GENEVA/ISLAMABAD: Pakistan has achieved all of its economic goals in terms of performance, the International Monetary Fund (IMF) said in an end-of-mission press release issued Friday pertaining to its 10-day talks with the government.
“Considerable progress has been made in the last few months in advancing reforms and continuing with sound economic policies,” the global financial body said.
The IMF further noted in its statement that “all end-December performance criteria were met and structural benchmarks have been completed” and in terms of performance, Pakistan achieved all economic targets.
“Steadfast progress on program implementation will pave the way for the IMF Executive Board’s consideration of the review,” it said, adding that “development and social spending have been accelerated” through programme implementation.
Reduce reliance on China
The News reported earlier today that the visiting IMF mission decided to extend its stay in Pakistan to work further on differences over immediate measures to reduce the revenue-expenditure gap.
The financial body asked Pakistan “to reduce its trade and commerce reliance on Beijing” and look for other international options by signing free trade agreements (FTAs) with other countries as well, according to senior finance ministry sources, bringing a new challenge as Islamabad was not prepared to even reconsider this position.
The Federal Board of Revenue (FBR), The News reported Thursday night, wished for a further reduction in its revised Rs5.24-trillion target — already cut down from Rs5.50 trillion — but the IMF desired to focus on removing distortions and expanding narrowed tax base on a permanent basis.
‘Viable alternate plan’
A top official quoted the IMF team as saying during their interaction that without the reform plan, however, it would not show leniency over the FBR’s inability to maximise revenues efforts. The body stressed that the Pakistani government must correct the situation halfway instead of waiting for the next fiscal year if the need arises.
Secondly, the PTI government was opposed to hiking electricity and gas tariffs for the next 12-18 months as Prime Minister Imran Khan has asked relevant ministries to freeze tariffs for a certain period. However, the IMF highlighted that the cash-bleeding losses would not be curtailed if there was no cost recovery of energy utilities.
“The IMF is asking for a viable alternate plan,” the sources said.
Extension in stay
According to the IMF delegation’s schedule available with The News, it was scheduled to hold talks with different ministries, the State Bank of Pakistan (SBP), and other departments from February 3-13, 2020, under the $6-billion Extended Fund Facility (EFF).
Speaking to The News earlier, IMF Resident Representative for Pakistan Teresa Daban Sanchez said: “There is not planned any interaction with media until the discussions are finalised.”
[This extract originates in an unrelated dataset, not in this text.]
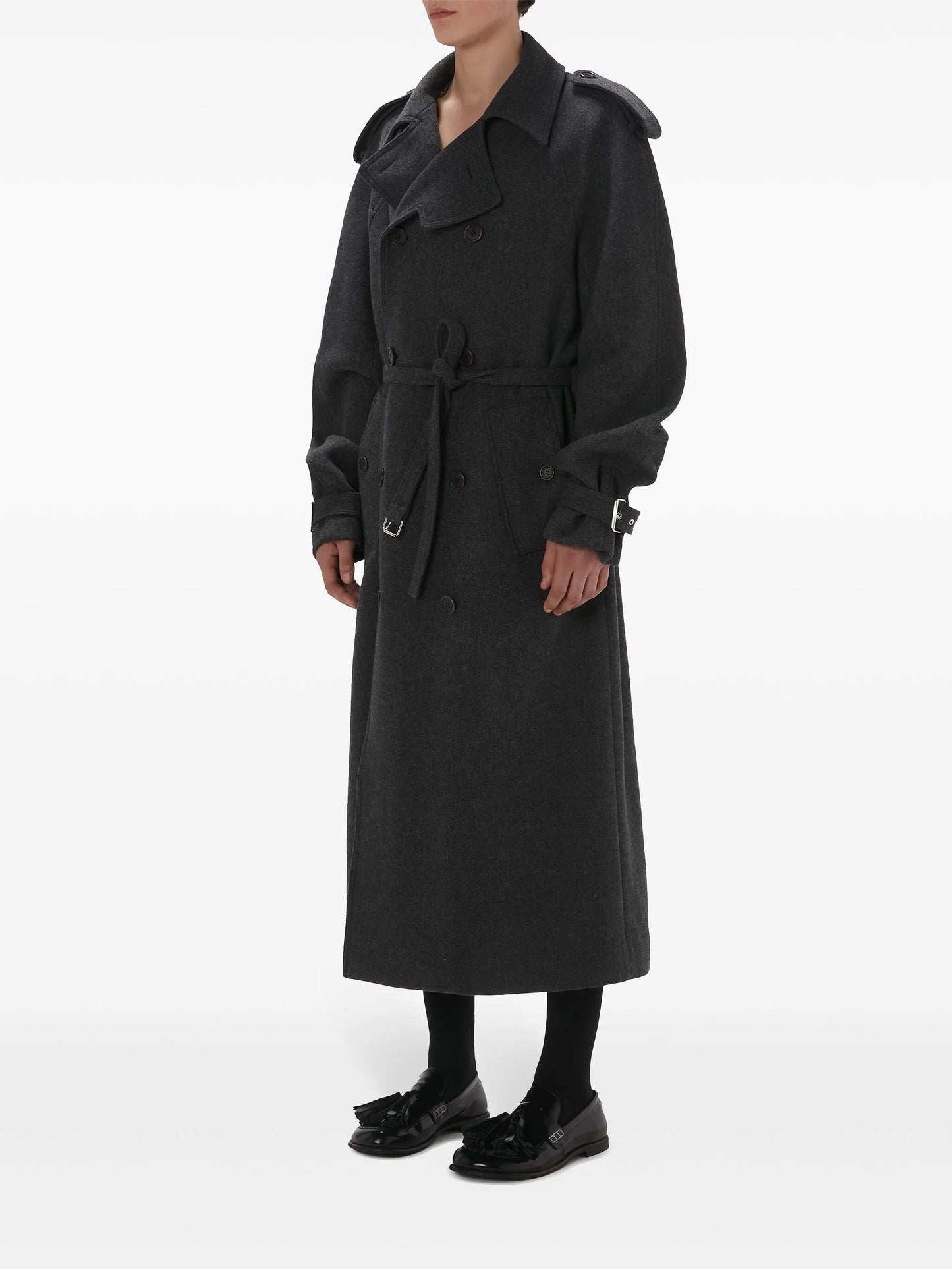 double-breasted wool-blend coat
However, a finance ministry spokesperson had said Thursday night some members of the IMF, as per the plan, would visit Karachi today (Friday).
Boost non-tax income by Rs400bn
Sources had informed Geo News on Wednesday that Pakistan and the IMF agreed not to introduce a rise in the tax rates until June 2020 as the talks between the two parties concluded in a meeting chaired by Prime Minister Imran Khan’s Adviser on Finance and Revenue Dr Abdul Hafeez Shaikh and IMF Mission Chief for Pakistan Ernesto Ramirez-Rigo.
The two sides had agreed not to introduce either a mini-budget or a reduction in the tax collection target. It was, however, advised that Pakistan bump up its non-tax income by Rs400 billion to boost revenue collection.
The country would also ensure implementation of the privatisation road map and not jack up the sales tax from 17 to 18 percent.
On the other hand, sources in Finance Ministry had informed Geo News on Wednesday that the country, for the most part, achieved most of the goals the IMF had set for it. The body was also satisfied over its monetary and current account deficits, they had added.
Sources had noted that Pakistan would make adequate efforts to achieve the tax collection target and that a road map to bring down the deficit and losses had been readied.